W is going to be playing @ a cafe tomorrow night in the west village, so it looks like i'm going to have to dvr the Jets game and watch it when I get back. Hopefully we'll be able to talk for a bit at some point.... that would be nice. I remember the night after Mom and I went went to see him play the first time.... We were sitting down at the table, Brother, Brother's gf, and I
when Mom says " That girl... The one who stopped by our table last night to talk to us, was that W's girlfriend?" Brother and Brother's gf gave eachother a look that said "
What is she? Some kind of idiot?"
I on the other just sat there cracking up. The next night Mom asked me what that look had been about.
" That wasn't his girlfriend. Ma, W is gay."
and of course she was floored....
W isn't flaming but he's obvious enough to anybody who is not an idiot.

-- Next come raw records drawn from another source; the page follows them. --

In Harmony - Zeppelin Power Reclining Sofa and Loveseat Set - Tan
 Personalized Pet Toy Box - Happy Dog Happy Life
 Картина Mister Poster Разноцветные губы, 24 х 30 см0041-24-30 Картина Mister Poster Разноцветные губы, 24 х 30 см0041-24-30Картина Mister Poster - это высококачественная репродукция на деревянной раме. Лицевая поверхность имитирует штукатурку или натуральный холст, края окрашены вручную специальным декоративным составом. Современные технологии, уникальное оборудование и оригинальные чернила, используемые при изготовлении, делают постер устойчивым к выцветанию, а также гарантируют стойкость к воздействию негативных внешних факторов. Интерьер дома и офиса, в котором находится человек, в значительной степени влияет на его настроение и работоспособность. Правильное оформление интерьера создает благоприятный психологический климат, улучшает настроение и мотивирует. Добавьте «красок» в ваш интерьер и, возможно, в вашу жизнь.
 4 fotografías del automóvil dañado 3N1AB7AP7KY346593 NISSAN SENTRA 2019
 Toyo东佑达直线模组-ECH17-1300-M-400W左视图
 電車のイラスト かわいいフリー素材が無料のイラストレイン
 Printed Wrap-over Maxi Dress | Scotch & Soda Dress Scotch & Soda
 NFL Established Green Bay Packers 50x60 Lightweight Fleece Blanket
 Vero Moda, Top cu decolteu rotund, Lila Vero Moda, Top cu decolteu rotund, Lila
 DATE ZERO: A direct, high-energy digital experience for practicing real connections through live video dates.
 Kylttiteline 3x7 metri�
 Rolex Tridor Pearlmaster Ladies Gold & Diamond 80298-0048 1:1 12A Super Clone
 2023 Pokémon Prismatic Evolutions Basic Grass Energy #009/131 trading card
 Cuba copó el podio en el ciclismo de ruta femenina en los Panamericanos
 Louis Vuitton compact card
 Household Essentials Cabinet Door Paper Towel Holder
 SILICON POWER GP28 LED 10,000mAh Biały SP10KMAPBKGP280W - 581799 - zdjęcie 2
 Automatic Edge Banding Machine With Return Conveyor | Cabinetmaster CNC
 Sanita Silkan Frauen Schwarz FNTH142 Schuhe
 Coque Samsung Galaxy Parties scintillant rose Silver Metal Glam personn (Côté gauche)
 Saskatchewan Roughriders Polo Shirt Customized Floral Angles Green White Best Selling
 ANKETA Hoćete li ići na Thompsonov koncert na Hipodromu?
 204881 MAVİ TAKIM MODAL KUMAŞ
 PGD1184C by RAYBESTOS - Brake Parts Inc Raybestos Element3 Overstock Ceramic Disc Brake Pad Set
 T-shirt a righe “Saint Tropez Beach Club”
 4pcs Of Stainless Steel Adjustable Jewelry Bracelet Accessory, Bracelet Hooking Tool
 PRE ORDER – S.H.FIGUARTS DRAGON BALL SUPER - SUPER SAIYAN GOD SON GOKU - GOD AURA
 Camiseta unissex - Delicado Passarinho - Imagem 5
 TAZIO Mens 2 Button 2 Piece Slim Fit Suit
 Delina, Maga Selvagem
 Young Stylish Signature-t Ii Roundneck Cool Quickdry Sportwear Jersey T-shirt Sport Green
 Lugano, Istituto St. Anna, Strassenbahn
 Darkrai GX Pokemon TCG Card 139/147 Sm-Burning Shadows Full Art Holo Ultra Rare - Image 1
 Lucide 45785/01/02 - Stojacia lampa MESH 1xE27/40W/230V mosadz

Hell, I'm obvious enough to anybody who isn't an idiot.
A first-class fag-hag with second rate gaydar.
How lame is that?
I'm thinking about something that somebody said to me recently.
I dont want to be a straight man's gay. I don't want to get stuck being the "gay best friend" either..(ewww!) I just want to be me.
I'm glad I found Oasis. Blue got scared and " ran away" which is great.
He is exactly the kind of person( self-loathing closetcase) that i don't want to be.